» **Entries supplied**:
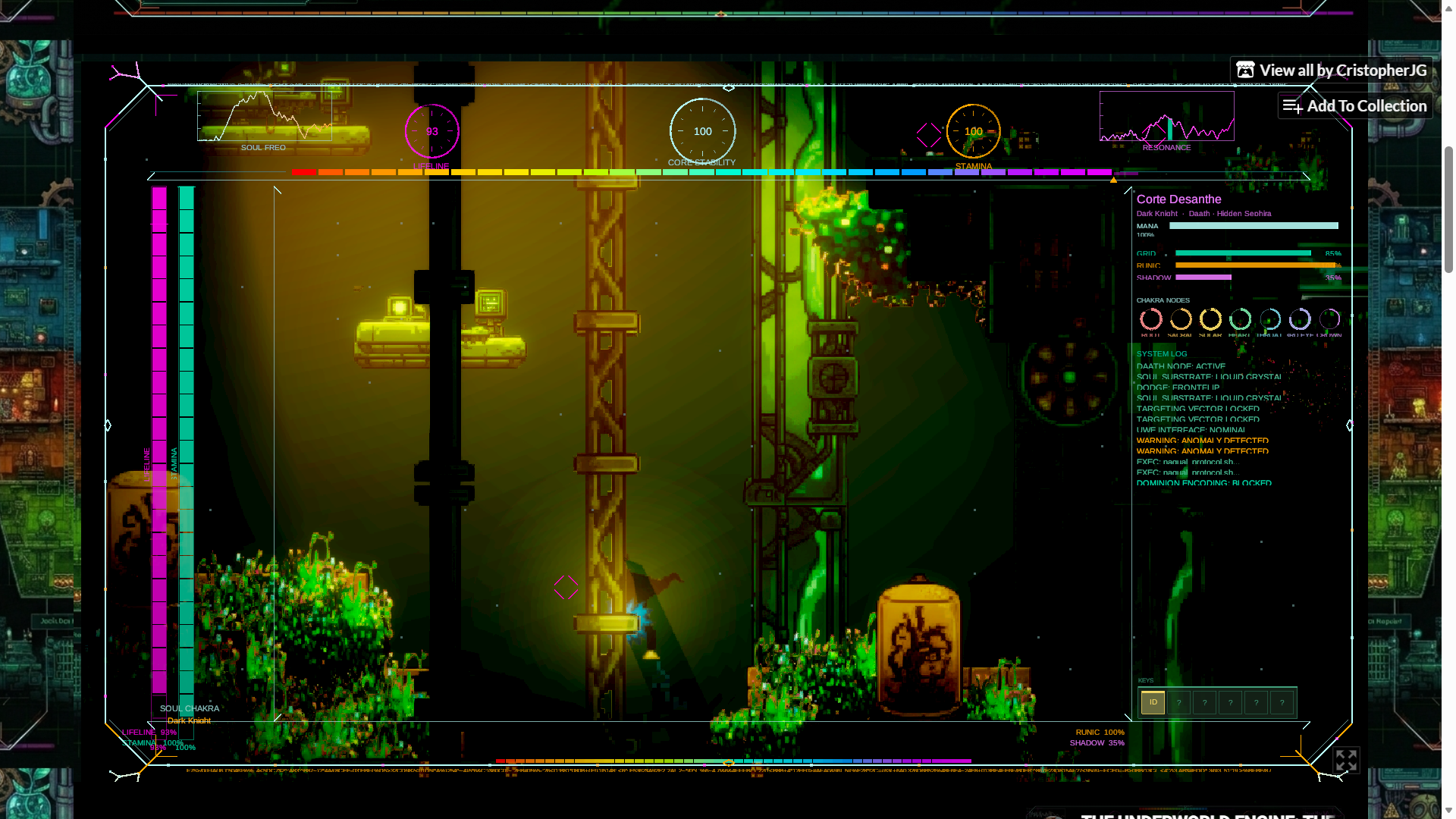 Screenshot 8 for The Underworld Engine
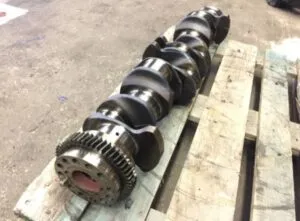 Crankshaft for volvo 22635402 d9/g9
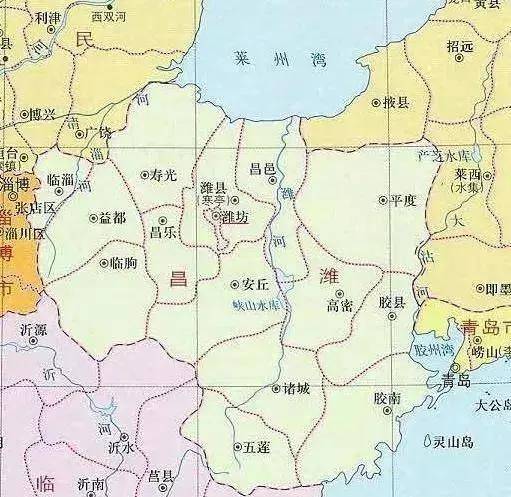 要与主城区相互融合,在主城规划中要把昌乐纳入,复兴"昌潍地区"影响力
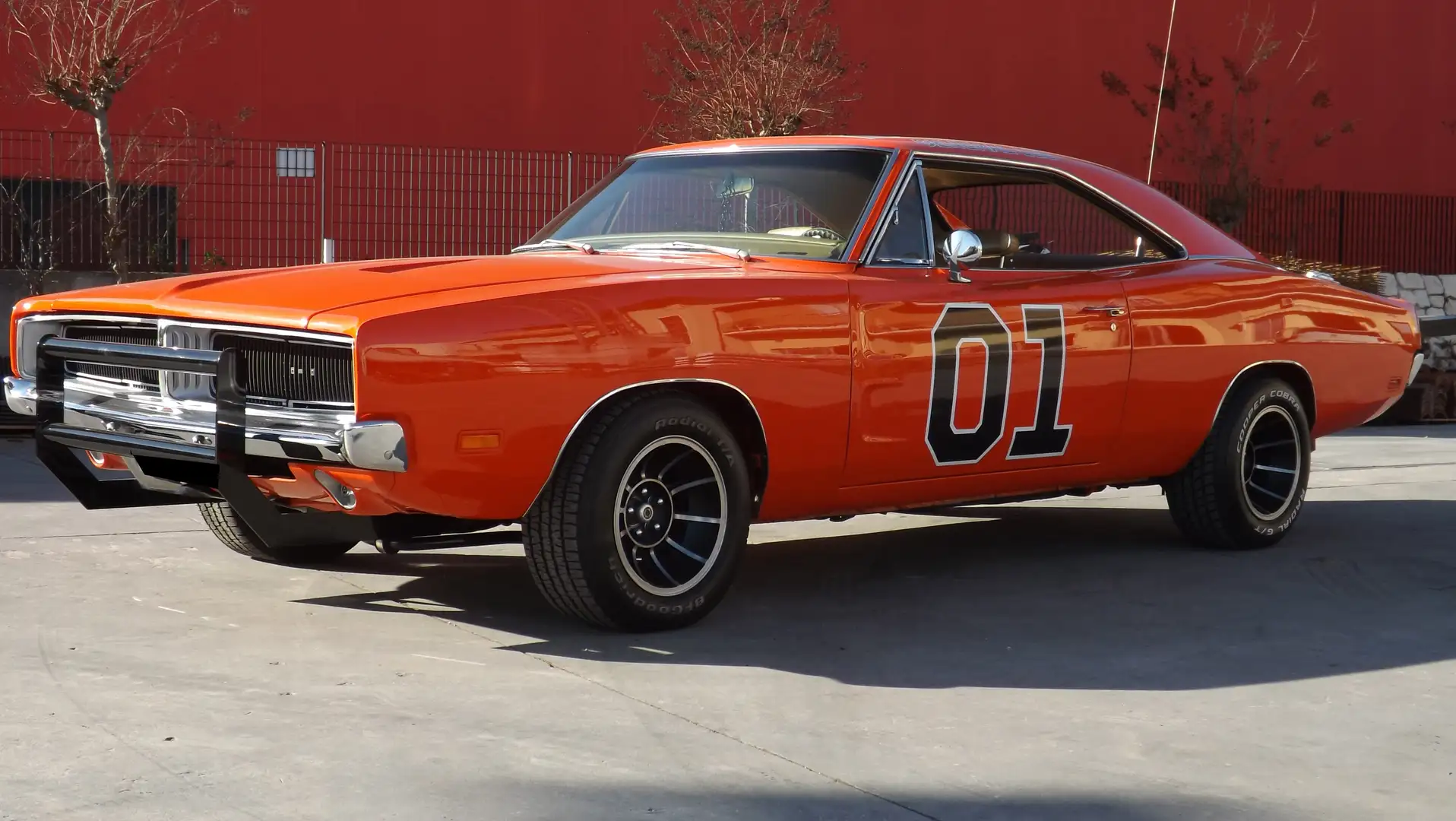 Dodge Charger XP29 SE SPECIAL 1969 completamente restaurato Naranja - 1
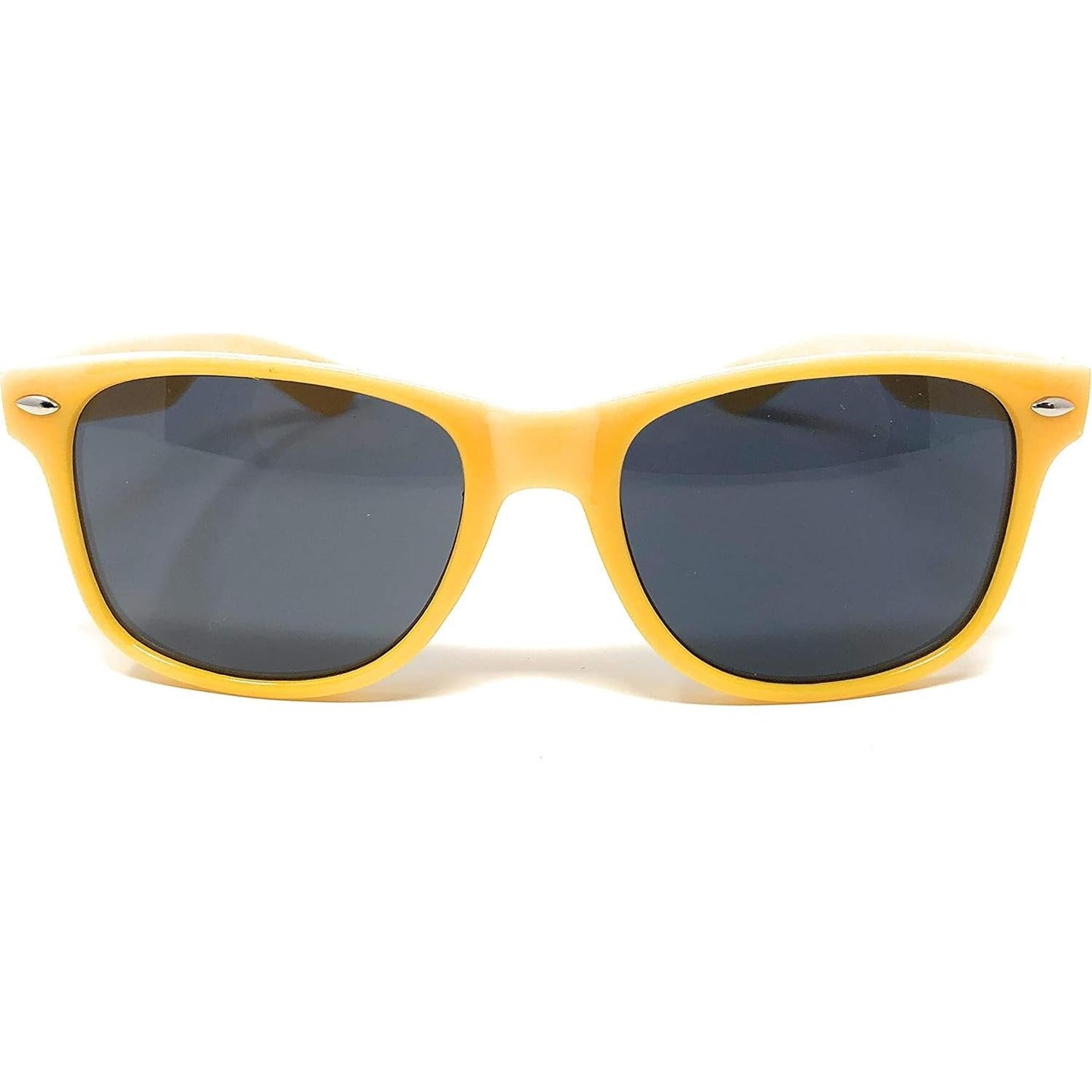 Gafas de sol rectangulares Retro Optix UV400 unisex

» **Brief**: Set the material above down again word for word. Include none of its pictures.

» **Solution to this task**:
 Screenshot 8 for The Underworld Engine
 Crankshaft for volvo 22635402 d9/g9
 要与主城区相互融合,在主城规划中要把昌乐纳入,复兴"昌潍地区"影响力
 Dodge Charger XP29 SE SPECIAL 1969 completamente restaurato Naranja - 1
 Gafas de sol rectangulares Retro Optix UV400 unisex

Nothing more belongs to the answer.